[The task]:
Exactly reproduce the lines from the one containing "Fits 19-21 Toyota" through the last line of the data, both ends included, leaving out pictures.

[Material provided]:
"""

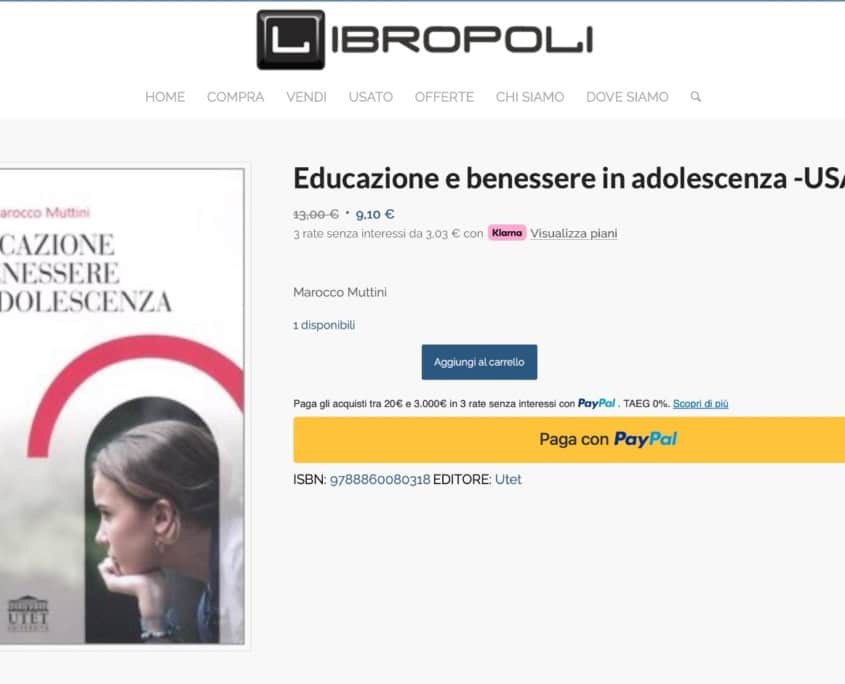 Piattaforma ecommerce prodotti usati con catalogo organizzato e prezzi scontati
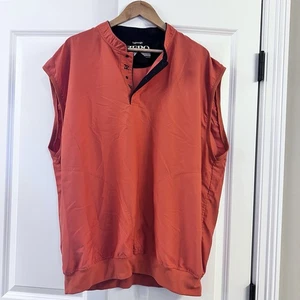 Zero Restriction Golf Outerwear Orange Blue Men XL Lightweight Quarter Snap Vest - Picture 1 of 7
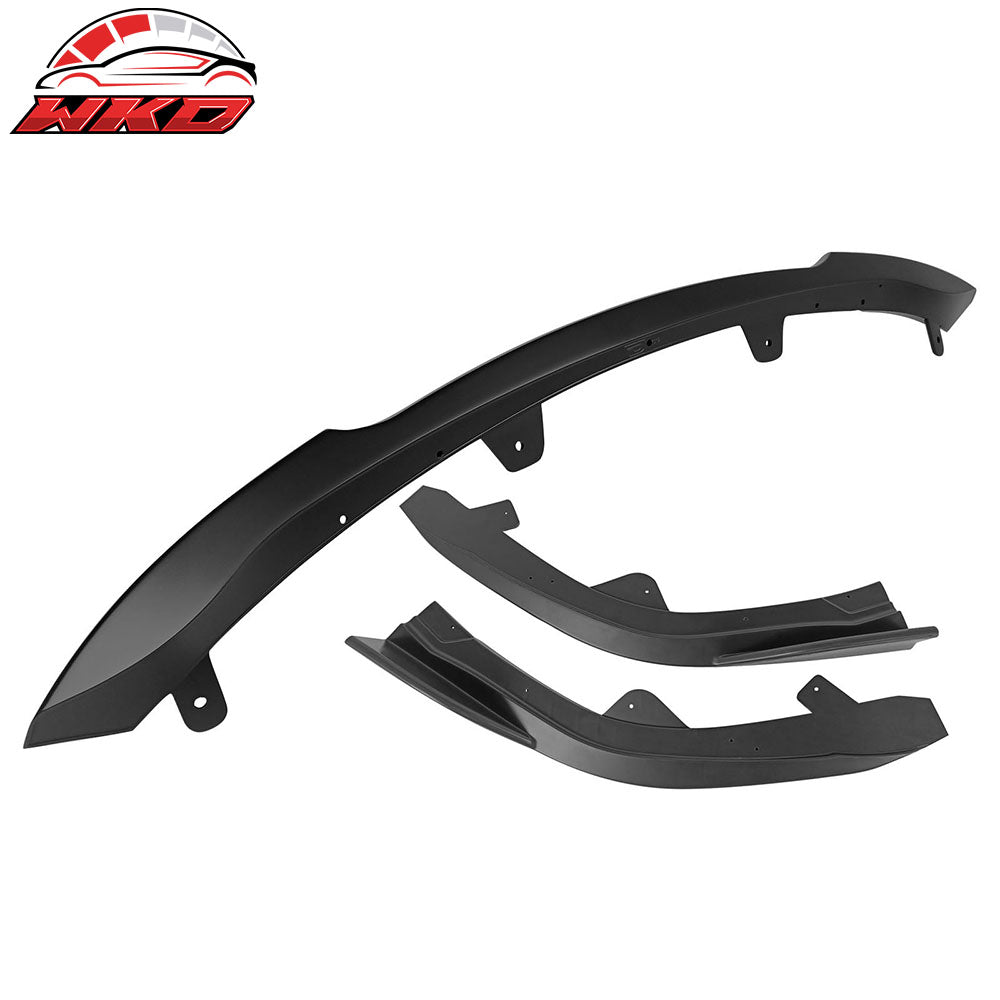 Fits 19-21 Toyota Corolla Auris E210 Hatchback 3PCS Front Bumper Lip Matte Black
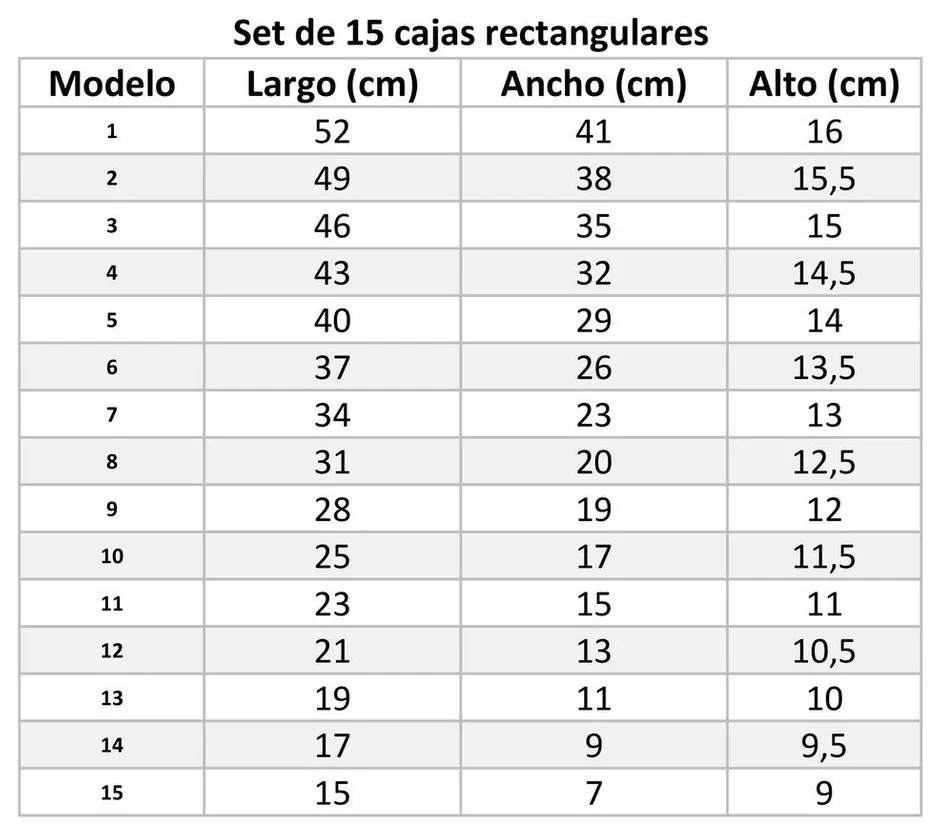 Fedeles karton tárolódoboz szett 15 db-os Route – Casa Selección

"""

[Solution for this exercise]:
 Fits 19-21 Toyota Corolla Auris E210 Hatchback 3PCS Front Bumper Lip Matte Black
 Fedeles karton tárolódoboz szett 15 db-os Route – Casa Selección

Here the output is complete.